01 Abril 2024
O Santa Sé acredita que Israel está conduzindo um genocídio em Gaza? O Papa Francisco pediu à Ucrânia que se rendesse quando se referiu a "levantar a bandeira branca" em uma entrevista com a Rádio e Televisão Suíça em fevereiro? A Santa Sé pretende renovar o acordo provisório com a China sobre a nomeação de bispos?
Essas são algumas das perguntas às quais Dom Paul R. Gallagher, secretário das Relações com Estados e Organizações Internacionais do Vaticano – comumente conhecido como seu ministro das Relações Exteriores – respondeu nesta entrevista exclusiva com o correspondente da revista America no Vaticano. A conversa foi realizada na manhã de 25 de março na Secretaria de Estado do Vaticano.
Nascido em Liverpool, Inglaterra, em 1954, Gallagher ingressou no serviço diplomático da Santa Sé em 1984 e, posteriormente, serviu em suas missões diplomáticas na Tanzânia, Uruguai, Filipinas e no Conselho da Europa em Estrasburgo, antes de servir como núncio na Burundi, Guatemala e Austrália. O Papa Francisco o nomeou secretário das Relações com Estados em novembro de 2014.
A entrevista com Paul R. Gallagher é de Gerard O’Connell, publicada por America, 26-03-2024.
O senhor participou da Conferência de Segurança de Munique em fevereiro, que discutiu os principais problemas de segurança enfrentados pelo mundo hoje. Quais conclusões o senhor trouxe dela?
Em primeiro lugar, havia uma ansiedade palpável sobre a situação internacional e de segurança, para onde o mundo está indo, para onde a sociedade está indo. Havia grandes preocupações com a Ucrânia e Gaza. Houve, ao mesmo tempo, um esforço para ver o lado positivo porque há um perigo de estarmos em uma situação de "perder-perder". Não há dúvida: há um clima diferente, mais preocupado, dentro da comunidade internacional neste momento.
A maior preocupação na conferência de Munique foi para a Ucrânia ou Gaza?
Acredito que a preocupação está igualmente dividida. Mas acho que a situação humanitária extrema, a gravidade da situação humanitária em Gaza, era muito evidente nas preocupações das pessoas. Infelizmente, a guerra na Ucrânia tem sido longa, e as pessoas estavam cientes do perigo indesejável de resignação diante da situação de um conflito que não parece ter um fim à vista.
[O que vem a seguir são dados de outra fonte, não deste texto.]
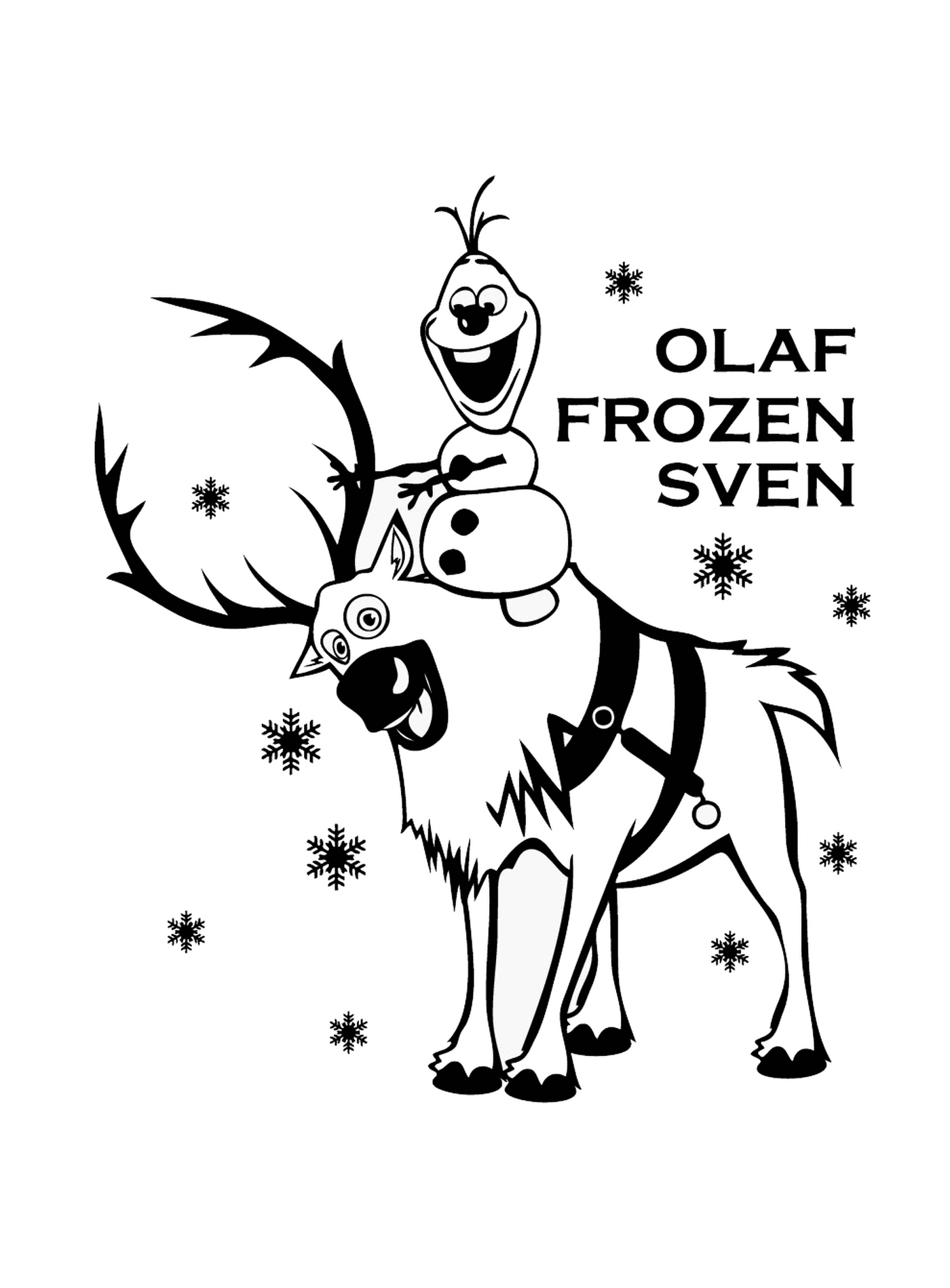 coloriage Olaf et avec Sven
O Papa Francisco repetidamente pediu um cessar-fogo em Gaza, a libertação de reféns, a provisão de ajuda humanitária e o respeito ao direito internacional. Como o senhor interpreta a recusa de Israel em interromper os bombardeios em Gaza e abrir as portas para a ajuda humanitária?
Eu suponho que a percepção da ameaça representada pelo Hamas para Israel seja muito diferente em Israel do que é para a comunidade internacional. É por isso que eles são tão inflexíveis em sua posição e nas políticas que estão seguindo. O ataque de 7 de outubro foi uma experiência tão traumática para os israelenses que eles sentem que esta é a única escolha que têm no momento. Como Santa Sé, discordamos da reação militar. Como você disse, o Santo Padre pediu um cessar-fogo e a entrega de ajuda humanitária. Obviamente, Israel concorda muito com os apelos do Santo Padre para a libertação dos reféns, que têm sido constantes.
Os Estados Unidos repetidamente usaram seu veto no Conselho de Segurança da ONU para proteger Israel. Desde 7 de outubro, eles o utilizaram três vezes para bloquear resoluções que pedem um cessar-fogo. Como o senhor interpreta esse tipo de política?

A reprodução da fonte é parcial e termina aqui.